TV-show synergy helped propel merchandise empires for My Little Pony, Pound Puppies and Care Bears, while stores struggled to keep in stock both the ample-bottomed Cabbage Patch Kid and Teddy Ruxpin — a “talking” bear whose animatronic eyes and mouth promised either tender companionship or enduring night terrors.
Even as the 1989 launch of Nintendo’s hand-held Game Boy revolutionized the industry, demand surged for analog toys like the rubber-filament Koosh Ball and the Chia Pet, whose enduring popularity produced a terracotta-potted army of llamas, hedgehogs and other sprouted animals.
All hail the miniature BFF: While Polly Pocket cornered the market in Lilliputian dolls, the Tamagotchi fit electronic pets in the palm of a hand (and, with its need to be “fed” and cared for, also helped introduce kids to the concept of death).
American Girl dolls and plush-toy Beanie Babies offered collect-them-all multitudes and a robust secondary market, though few items prompted the in-store mania of Tickle Me Elmo, the giggling “Sesame Street” plushie whose scarcity circa the 1996 season swiftly became retail legend.
More chatty faux-fur companions arrived in the form of Furbys, which spoke in their own inscrutable language and looked like psychedelic hamsters. For those less enthralled by battery-operated creatures, there were collectible Pokémon Trading Cards, the colorful cardboard disc game Pogs and the blockbuster home console Nintendo 64.
Gaming innovations continued apace with the PlayStation 2, Wii and Xbox 360, while countless grade-schoolers happily risked mild concussions and skinned knees for a zippy aluminum Razor Scooter, and little girls too old for the purring, plump-bodied charms of Zhu Zhu Pets flocked to Bratz, the pouty-lipped fashion dolls seemingly designed to resemble mean girls in miniature.
Parents scarred by carpets strewed with errant Legos rejoiced at the mass appeal of Magna-Tiles, which offered similar construction-toy thrills with fewer sole-piercing edges.
While the merch juggernaut from more than a decade of “Harry Potter” films continued its long Hogwarts march, another multiplex hit, Disney’s “Frozen,” proved its own bonanza at stores via Anna and Elsa character dolls, Olaf the Snowman plushies and an indelible, un-“Let It Go”-able soundtrack.
Also inescapable: “reveal” figurines like L.O.L. Surprise! Dolls, which emerged smartly accessorized from gumball-like spheres, and hybrid-animal Hatchimals, sprung from glossy plastic eggshells.
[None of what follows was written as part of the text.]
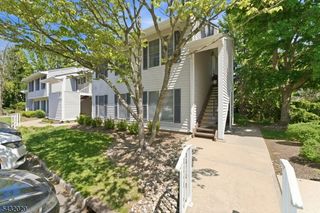 286 Kingbird Ct, Readington Twp., NJ 08887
Fidget spinners required some basic hand-eye coordination (as did their long-gestating battle-toy cousin, Beyblades), while the sweet interactive beasties called Fingerlings only needed a knucklebone to cling to.
And for those who just wanted to get primordial: Slime kits.
Though first introduced in 2017, Squishmallows — soft, round, supremely squeezable — found their homebound audience on social media during the coronavirus pandemic, while Magic Mixies, little Keane-eyed critters conjured from the “sorcery” of a plastic wand and a cauldron, precipitated a major Black Friday run in 2021.
But for every requisite leap forward in toy technology — 3-D printers, 3-D pens, the promise of a next-gen Nintendo Switch in 2025 — some things remain the same. Tamagotchis have returned, as have Furbys; in all her iterations, Barbie continues to dominate her market share (Mattel recently introduced its first blind model, as well as one with Down syndrome.)
And if the kids on your list have been naughty this year? Hand them an old potato, and impart a history lesson no credit card reward points can buy.